SUPPLIED DATA:

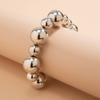KunJoe Exaggerated Large CCB Ball Bracelet for Women Men Vintage Mixed Color Beaded Elastic Line Bracelet Party Gift New Year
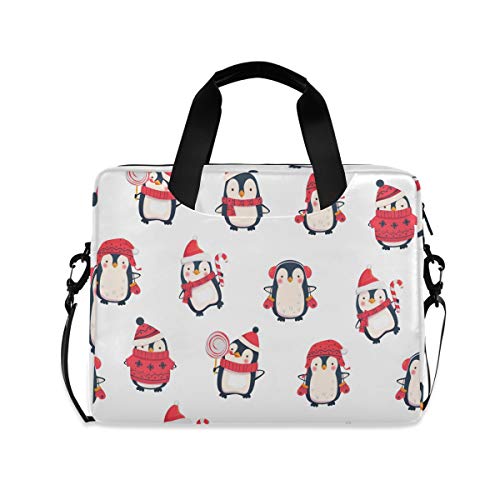 PUXUQU Süß Pinguin Laptoptasche 15.6 Zoll Laptop Tasche Aktentasche Hülle Notebooktasche Handtasche Schulter Tasche für Uni Arbeit Business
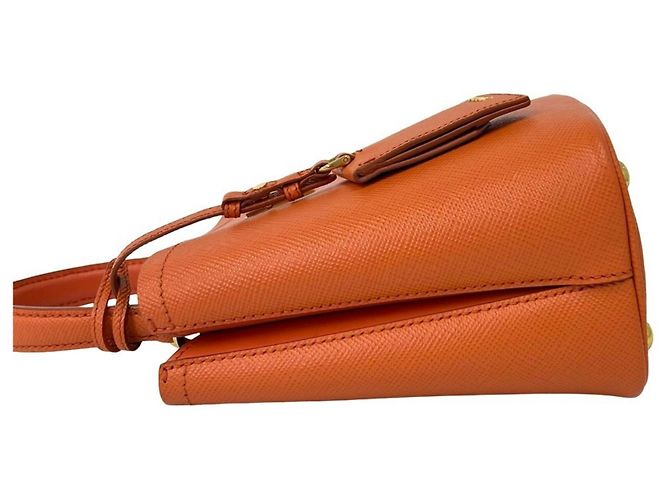 Saffiano Prada Panier Triangle Logo Plate Shoulder Bag - view 5
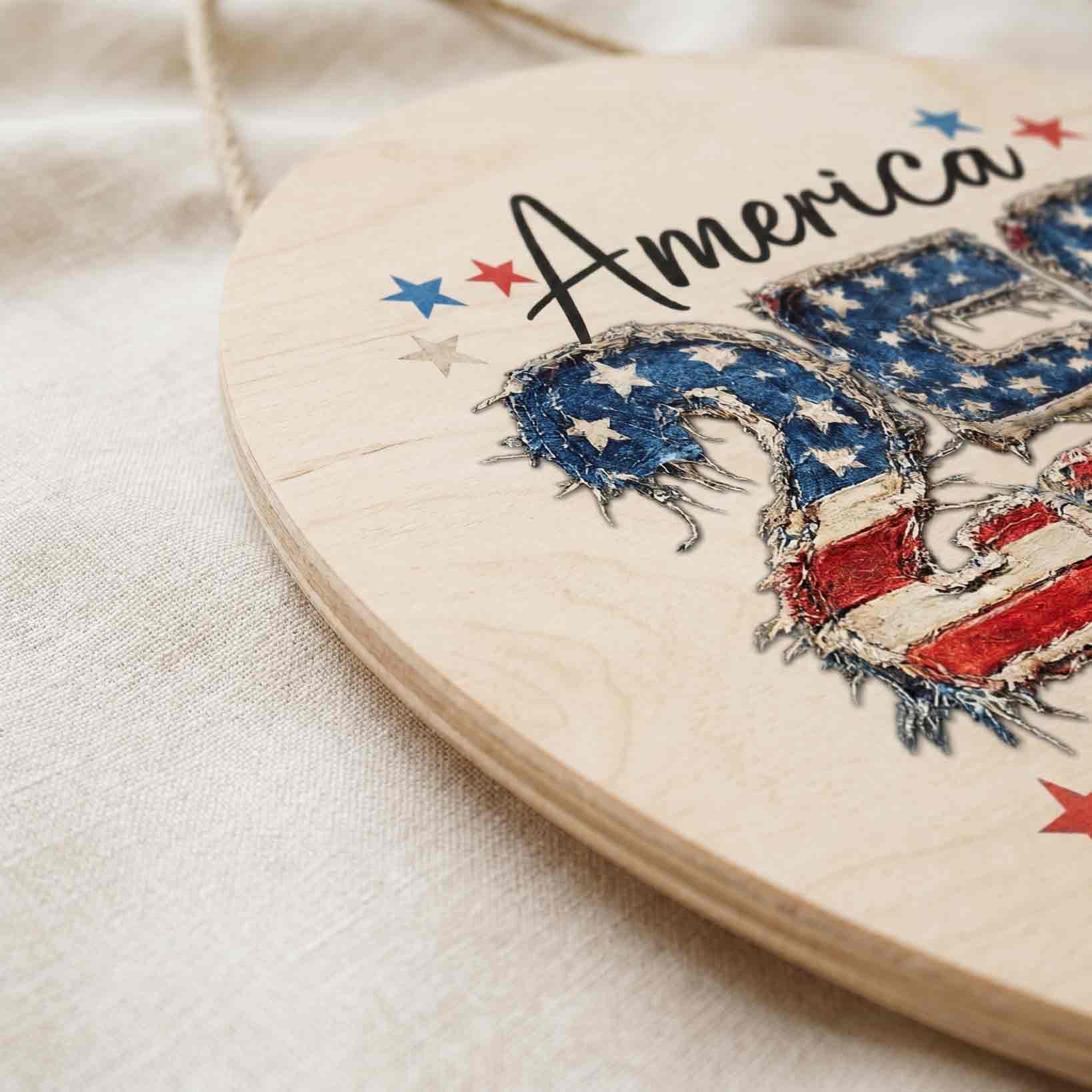 Patriotic America 250 Wooden Sign Celebrating 250 Years of Freedom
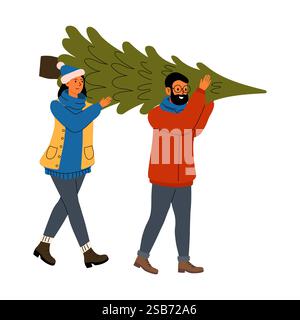 A man in an orange jacket and glasses carries a large Christmas tree, while a woman in a blue coat and hat walks beside him, smiling as they enjoy the Stock Vector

EXERCISE:
What you return must match, line for line, the records from the line containing "Saffiano Prada Panier" through their end, with both ends included and no pictures.

REPLY TO THE TASK:
 Saffiano Prada Panier Triangle Logo Plate Shoulder Bag - view 5
 Patriotic America 250 Wooden Sign Celebrating 250 Years of Freedom
 A man in an orange jacket and glasses carries a large Christmas tree, while a woman in a blue coat and hat walks beside him, smiling as they enjoy the Stock Vector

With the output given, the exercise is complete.